It always seemed to me that The Smiths, to the extent they could rightly be labeled 'conservative', attempted to re-introduce limits into the culture. People associate Morrissey with vegetarianism, but at one point he was also advertising his celibacy, too. (Consider how pointedly unyielding he was, later on, to the druggy allure of Madchester.) More generally there was a stubborn streak of "No!" in The Smiths which many people found very attractive. It wasn't the reactionary tendency alone, it was the way it was jumbled up with the best liberal traditions of rock and roll. The message was that one had to avoid ideology, one needed to think, and specifically to think through, against, and around limits. They stood with the left against all the usual targets of the pestilential Reagan-Thatcher years, but also the mindless hedonism and pointless permissiveness of the "left" itself. I think this partly explains the frustration of many who perceived them as "progressive" and "counter-revolutionary" at the same time.

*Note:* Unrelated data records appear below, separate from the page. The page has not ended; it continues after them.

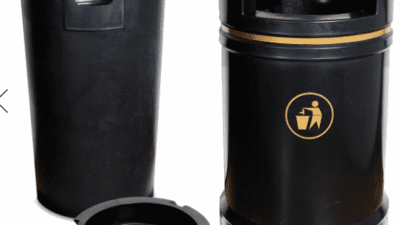 British Recycled Plastic black bin with gold trim, the lid and container are next to it to show the product in detail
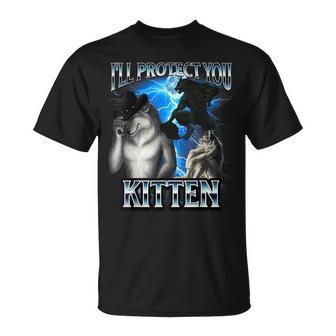 Lustiges Alpha Wolf Meme I'll Protect You Kitten Bootleg T-Shirt - Geschenkecke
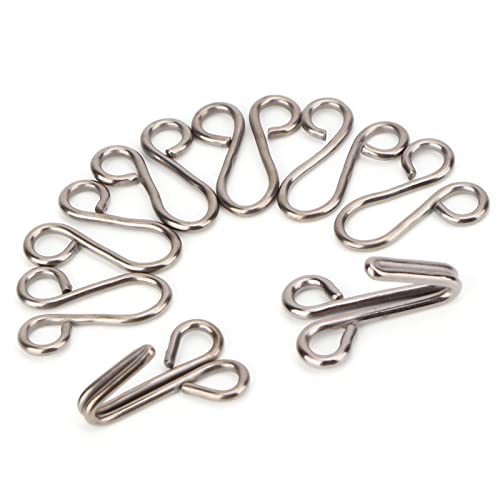 Pssopp 10Set Covered Hook Eye Closures, Antique Gold Tan Large Covered Hook Eye Sewing Closure for Fur Coat Jacket Cape Bra Books Crafts, Made of Durable Metal with an Antique (Fasten The Diameter of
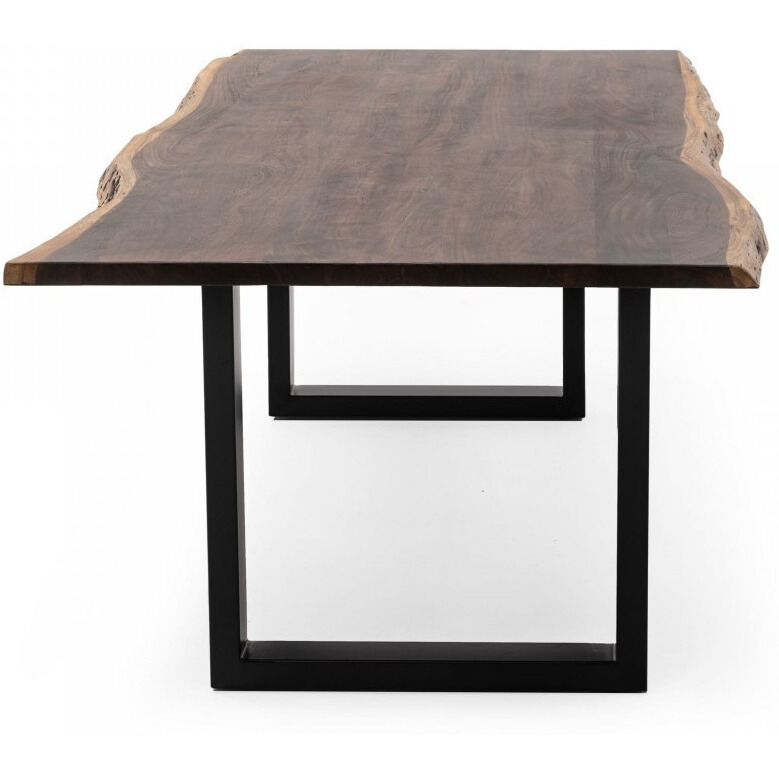 102 Acacia And Black Rectangular Solid Wood And Metal Dining Table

Anyway, my point is that it might be interesting to go back and reconsider The Smiths in a different light. I would be the first to admit the highly, highly problematic character of many of Morrissey's pronouncements, and yet he was saying No, and asking others to say No, at a time when many of his peers were celebrating the destruction of all limits, a period of time during which, we now understand, the invisible "vampire squid" of neoliberal capitalism began extending and tightening its grip.

It would be a treat to read your thoughts about the group today, bearing in mind what has happened to pop culture since their demise in 1987. Perhaps the things that made The Smiths a problem in the Eighties could now be seen as distant early warnings of the plight we're in now. Or maybe it's just a double quality, an ambiguity without resolution-- in "The Queen Is Dead", for example, the lyrics can be taken as a reactionary wish to return to a long-lost "pure" Britain and/or a dire prophecy about England falling victim to capitalism's catastrophic corrosiveness; perhaps the story of The Smiths is precisely in the "and/or".

Sorry for the ramble. Keep up the great work.

SIMON REYNOLDS said...

hi X, hi Amor Fati

Slavoj Zizek - no, not really read him, although familiar with his assertion that there is nothing intrinsically emancipatory about pleasure. (Or was that Bourdieu?) (Either way got it second-hand via K-punk!).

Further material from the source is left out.